I can’t sing. Or at least I can’t sing well, but I like to try to fit my approximately three-note range into songs. At church I lustily belt out all the hymns. The poor worshipers who sit in front of me don’t make that mistake twice. Lately, I’ve been flattering myself that my voice may have improved somewhat from all the church practice. I briefly considered taking a tape recorder along to see how melodiously and closely I’ve come to hitting the notes but decided I might not ever be brave enough to sing in public again after listening to the results. Better to believe you sound better than to prove decisively it’s not true. Especially now when the Christmas carol season approaches.

My sister has a great voice. She taught elementary school music for years in Missouri and loved it. She’s one of the few people I know who actually made a living at a job she enjoyed. She’s also always on call to provide the music for weddings and funerals, and she enlivens summer tours of her historic hometown with folk songs from the Civil War. I’ve always been jealous. Why couldn’t the genes have been spread around a little better? To compensate, I learned to play the flute, self-taught, thanks to children’s band books my sister provided. Naturally, that method of instruction did not produce a great flautist, but I can play well enough (when I practice) to make music, which was my goal.

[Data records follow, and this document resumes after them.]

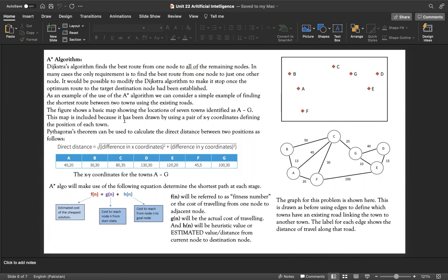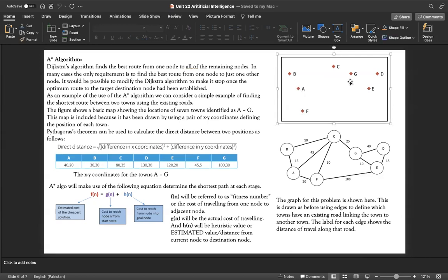This map is drawn using pairs of x and y coordinates, so each town's position can be identified by its coordinates. Pythagoras' theorem can be used to calculate the direct distance between two positions. If I want to find the shortest distance between, for example, A and B, A and C, or A and D, I can use this formula. This table shows the coordinates for each town.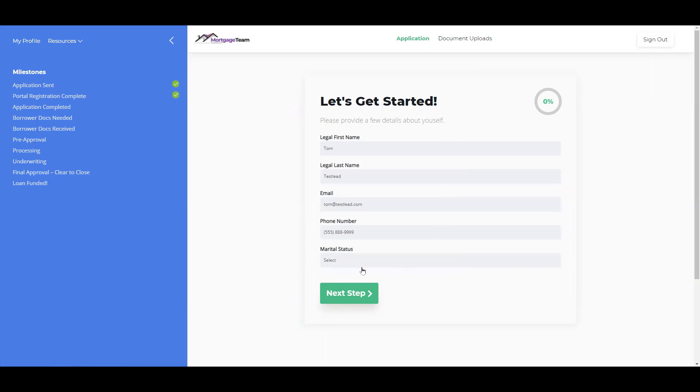Over here, they can input their application information, and as they move along, this percentage will change to show them how far along they are in the application.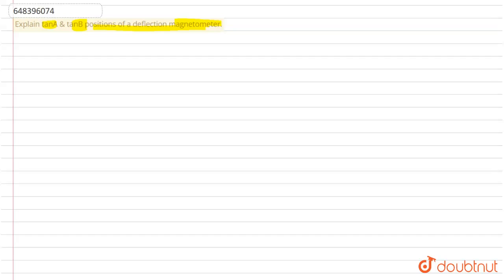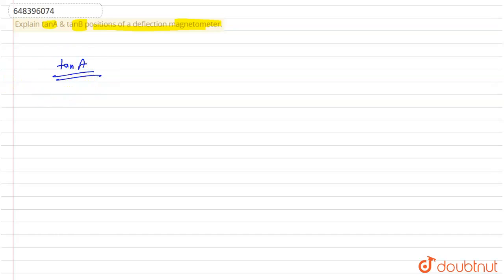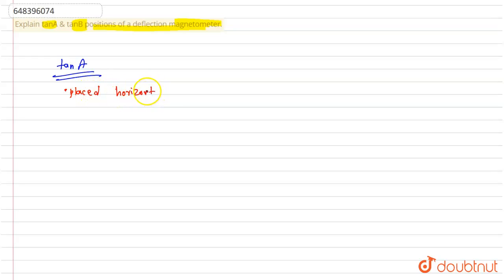In tan A position, about tan A, the points we should discuss: placed horizontally, parallel to the arm of the deflection galvanometer.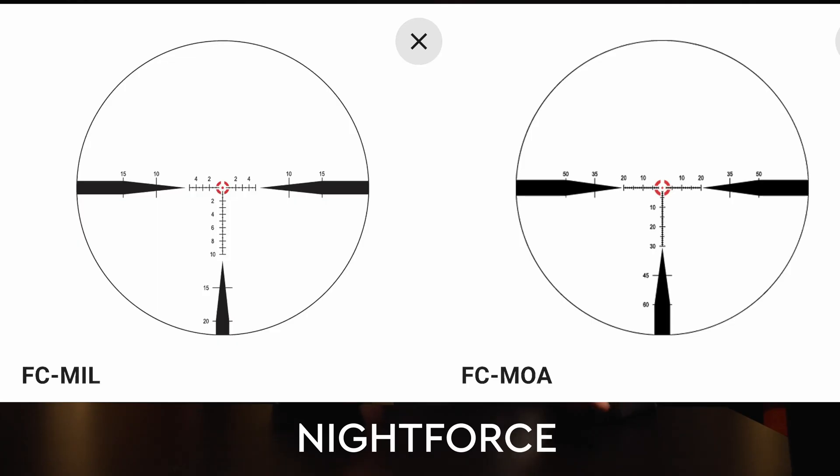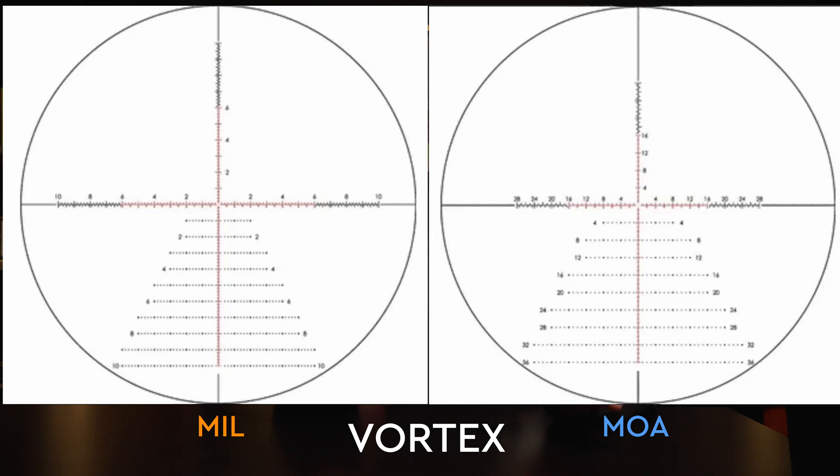The last point is reticle selection. There are not only way more scope companies offering quality milliradian-based reticles, but when a company makes two versions of the same style reticle, the MOA version gets a lot busier because MOA is finer than its milliradian counterpart. Seriously though, there are no wrong choices — don't beat yourself up if you already have MOA scopes. The only wrong answer when it comes to scope selection is buying a scope with mixed measurements, such as MOA turrets paired with a milliradian reticle. That's a problem; I would look at something else.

Not long ago, I complimented a young woman on a beautiful solo she’d sung at church. After bestowing kudos, I confided how I despaired of my own voice.

"I’m a terrible singer," I told her. "I sound like a frog."

"I love terrible singers," she replied.

She said she’d like to teach a class for people with horrible voices. That sounded like a great idea to me. I’ve often fantasized about taking lessons from a voice coach who would transform me into a singer of operatic rhapsodies.

I’m still waiting for her class, but in the meantime, I discovered "How to Sing in the Shower," a workshop taught by Cathleen Wilder at the Dusty Strings studio in Fremont, according to The Seattle Times. Wilder is a former opera singer who teaches a non-judgmental class on "reclaiming our birthright to sing." She instructs students in the basics from breathing techniques to the parts of the body that produce sound. The newspaper article mentions "resonating chambers." That struck a chord (no pun intended, of course) with me. I think I locate those chambers when I practice yoga to my beloved, ancient Misty Carey Yoga to Go tapes. When I chant "sat nam" (spelling?) with the instructor, I feel the sound resonate through my chest and head.

Wilder believes we need more singing in America. She’s quoted as saying that right now America is losing out on a lot of joy. She even claims we’d all sound good if we practiced more. Her motto is, "Your voice is beautiful, no matter how it sounds." Obviously, she has never sat in front of me in church.